Si la monothérapie ne suffit pas pour abaisser la PA à moins de 130/80 mm Hg, on recommande d’ajouter un deuxième antihypertenseur. Chez les diabétiques, il n’est pas rare qu’il faille ajouter un 3e voire un 4e antihypertenseur pour réussir à abaisser la PA sous la cible.

 

Voici quelques exemples de traitement d’association possibles pour les diabétiques :

 

Association de 2 antihypertenseurs

Association de 3 antihypertenseurs

Association de 4 antihypertenseurs

IECA + BCC DHP*

IECA + diurétique**

ARA + diurétique**

ARA + BCC DHP*

IECA + diurétique** + BCC DHP*

ARA + diurétique** + BCC DHP*

 

 

 

IECA + BCC DHP + diurétique** + bêta-bloquant cardiosélectif longue action

 

ARA + BCC DHP + diurétique** + bêta-bloquant cardiosélectif longue action

* longue action
** hydrochlorothiazide, indapamide ou chlorthalidone (ces deux derniers de préférence selon le PECH)
 

Il est important de faire la promotion des mesures non pharmacologiques, notamment la perte de poids chez les patients obèses, la réduction du sodium alimentaire et la pratique régulière de l’activité physique. 

 

Inhibiteurs du SGLT2 et pression artérielle

 

L’augmentation de l’excrétion de sodium en raison de l’inhibition du SGLT2 entraîne un effet diurétique et une diminution de la pression artérielle systolique d’environ 5 mm Hg (similaire à l’effet obtenu avec l’ajout d’un diurétique thiazidique ou apparenté).

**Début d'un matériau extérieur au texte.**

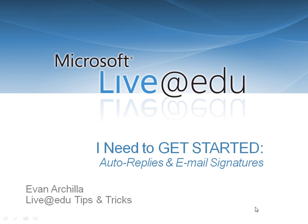Hi, my name is Evan Arcella, and I'd like to show you a few tips for getting started with Outlook Live, part of Microsoft Live at EDU.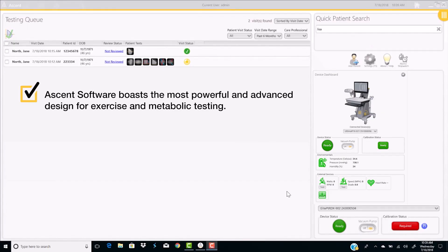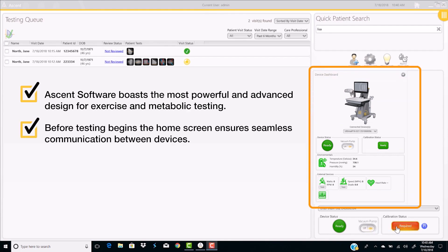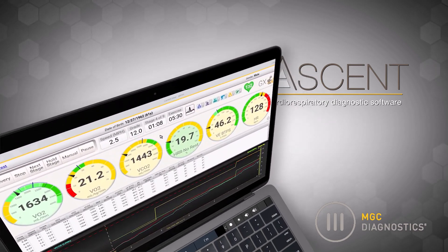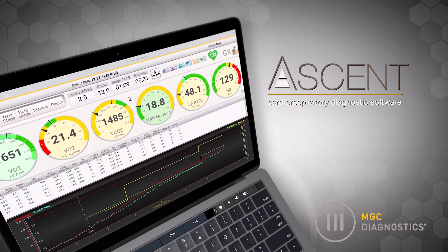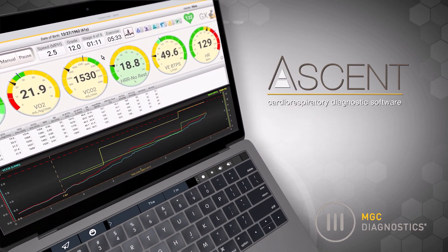But we didn't stop at pulmonary function. Ascent software boasts the most powerful and advanced design for exercise and metabolic testing. Before testing begins, the home screen ensures seamless communication between devices. The exercise testing screen features a brilliant layout with customizable InSight GX gauges.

Il s’agirait d’un effet de classe.

 

Les inhibiteurs des SGLT2 sont un choix intéressant lorsqu’on cherche à maîtriser la glycémie chez un patient hypertendu puisqu’ils peuvent contribuer à atteindre la cible de PA.

 

Si on ajoute un inhibiteur des SGLT2 chez un patient hypertendu dont la PA est bien maîtrisée, on recommande d’envisager une baisse du traitement antihypertenseur afin de réduire le risque d’hypotension, surtout chez les patients plus âgés, ou qui prennent d’autres médicaments pouvant causer des étourdissements ou de l’hypotension.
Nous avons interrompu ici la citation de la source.